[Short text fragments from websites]
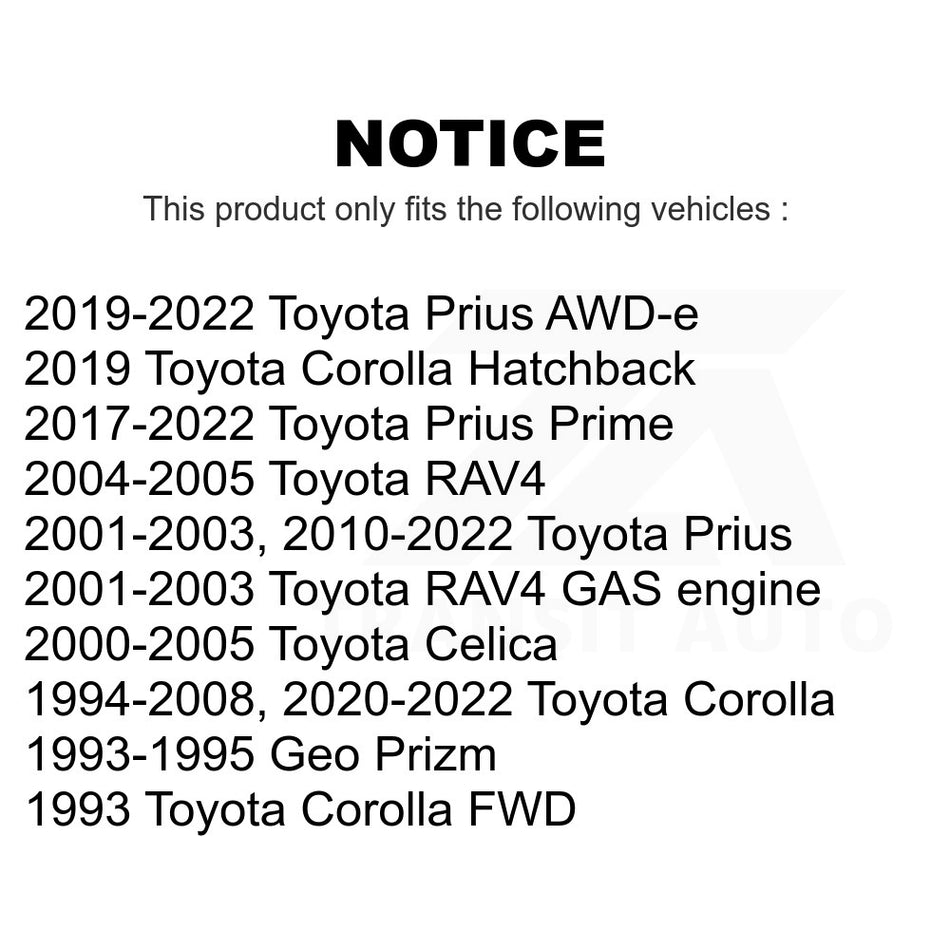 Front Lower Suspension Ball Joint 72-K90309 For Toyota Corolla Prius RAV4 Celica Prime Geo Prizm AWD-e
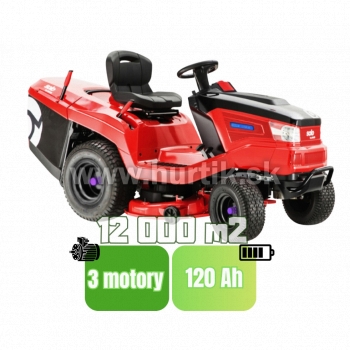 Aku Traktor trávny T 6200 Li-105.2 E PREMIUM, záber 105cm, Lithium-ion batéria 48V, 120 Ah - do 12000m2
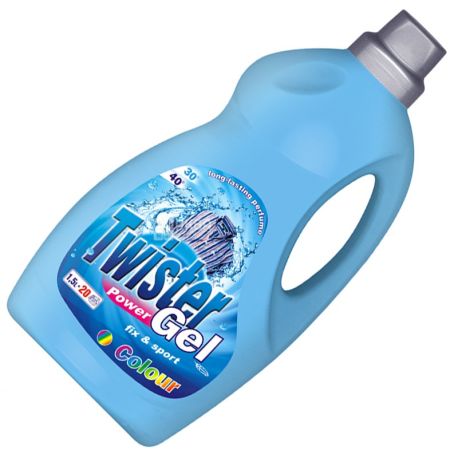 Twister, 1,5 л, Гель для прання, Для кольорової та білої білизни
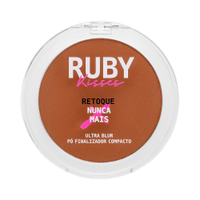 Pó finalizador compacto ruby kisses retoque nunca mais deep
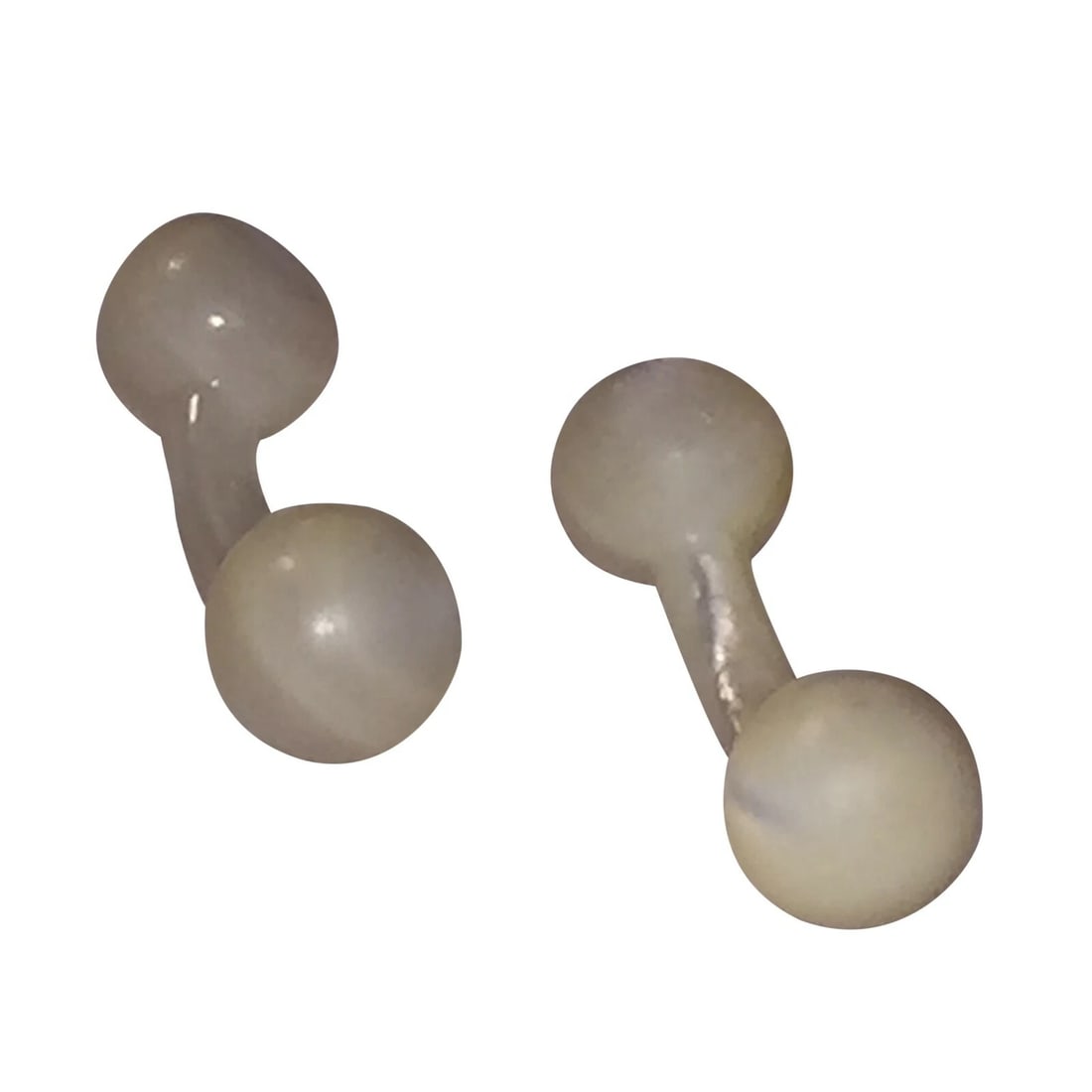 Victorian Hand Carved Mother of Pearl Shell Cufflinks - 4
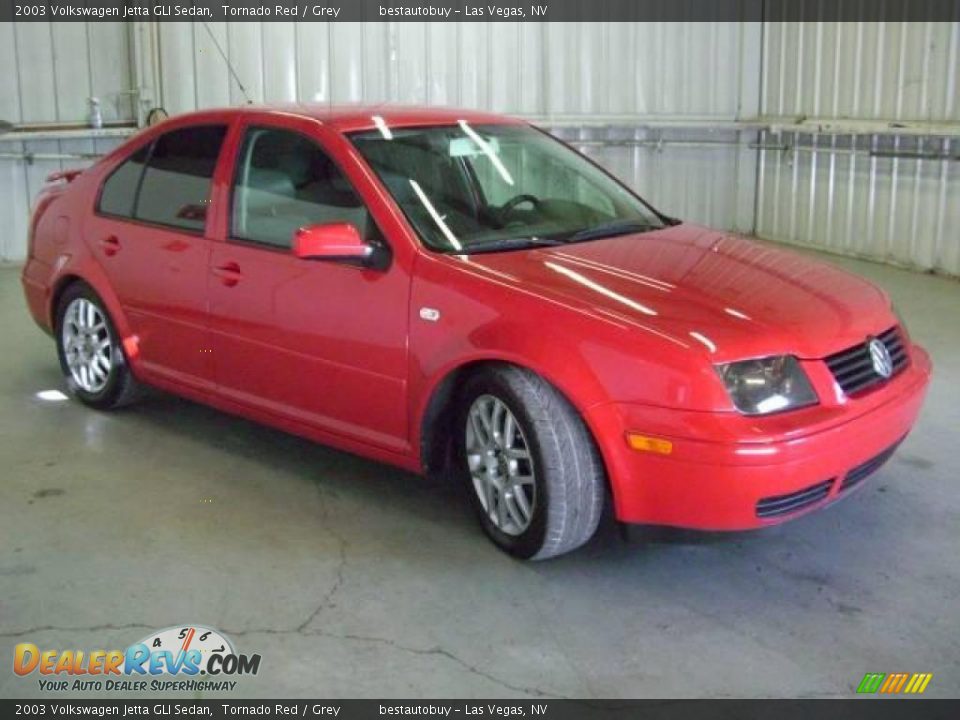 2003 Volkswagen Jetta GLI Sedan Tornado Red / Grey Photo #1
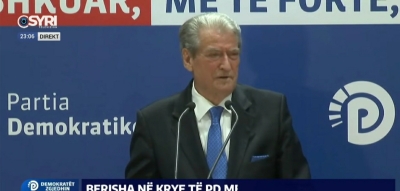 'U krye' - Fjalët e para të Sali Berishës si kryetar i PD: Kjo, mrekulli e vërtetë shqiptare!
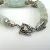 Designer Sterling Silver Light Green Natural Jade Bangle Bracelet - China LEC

*Exercise details*. Return all of the data exactly as written, and drop the pictures.

*Output*.
 Front Lower Suspension Ball Joint 72-K90309 For Toyota Corolla Prius RAV4 Celica Prime Geo Prizm AWD-e
 Aku Traktor trávny T 6200 Li-105.2 E PREMIUM, záber 105cm, Lithium-ion batéria 48V, 120 Ah - do 12000m2
 Twister, 1,5 л, Гель для прання, Для кольорової та білої білизни
 Pó finalizador compacto ruby kisses retoque nunca mais deep
 Victorian Hand Carved Mother of Pearl Shell Cufflinks - 4
 2003 Volkswagen Jetta GLI Sedan Tornado Red / Grey Photo #1
 'U krye' - Fjalët e para të Sali Berishës si kryetar i PD: Kjo, mrekulli e vërtetë shqiptare!
 Designer Sterling Silver Light Green Natural Jade Bangle Bracelet - China LEC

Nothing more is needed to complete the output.